Task details:
Look below for the line with "Cute Cartoon Bear" and the line with "Пороги с площадкой"; repeat exactly those two lines and all lines between them, but no pictures.

Provided entries:
# # # # # # #

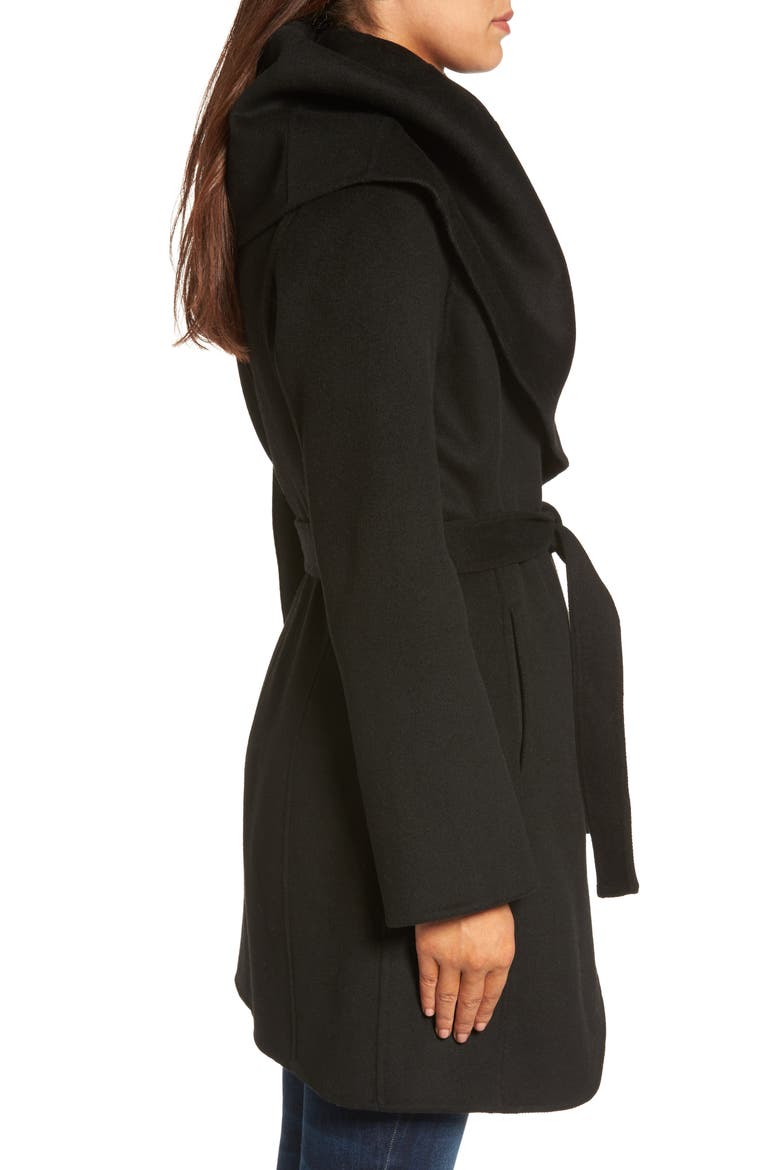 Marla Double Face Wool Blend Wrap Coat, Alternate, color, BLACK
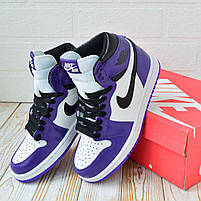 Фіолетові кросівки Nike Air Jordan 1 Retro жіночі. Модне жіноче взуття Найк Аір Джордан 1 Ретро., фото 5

# # # # # # #

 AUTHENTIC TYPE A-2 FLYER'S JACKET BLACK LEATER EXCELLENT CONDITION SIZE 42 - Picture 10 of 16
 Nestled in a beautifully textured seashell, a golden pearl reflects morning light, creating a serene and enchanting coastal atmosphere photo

# # # # # # #

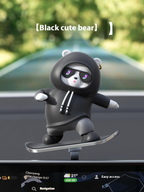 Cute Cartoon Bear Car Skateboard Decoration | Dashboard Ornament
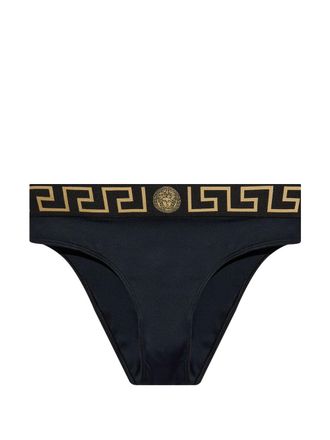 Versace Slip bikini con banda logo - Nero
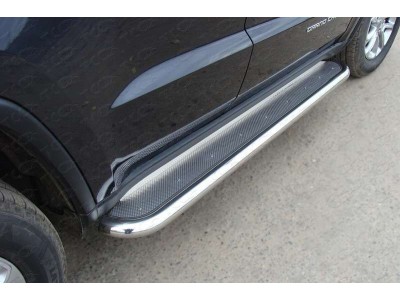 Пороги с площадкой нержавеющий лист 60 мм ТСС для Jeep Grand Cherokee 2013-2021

# # # # # # #

Solution to this task:
 Cute Cartoon Bear Car Skateboard Decoration | Dashboard Ornament
 Versace Slip bikini con banda logo - Nero
 Пороги с площадкой нержавеющий лист 60 мм ТСС для Jeep Grand Cherokee 2013-2021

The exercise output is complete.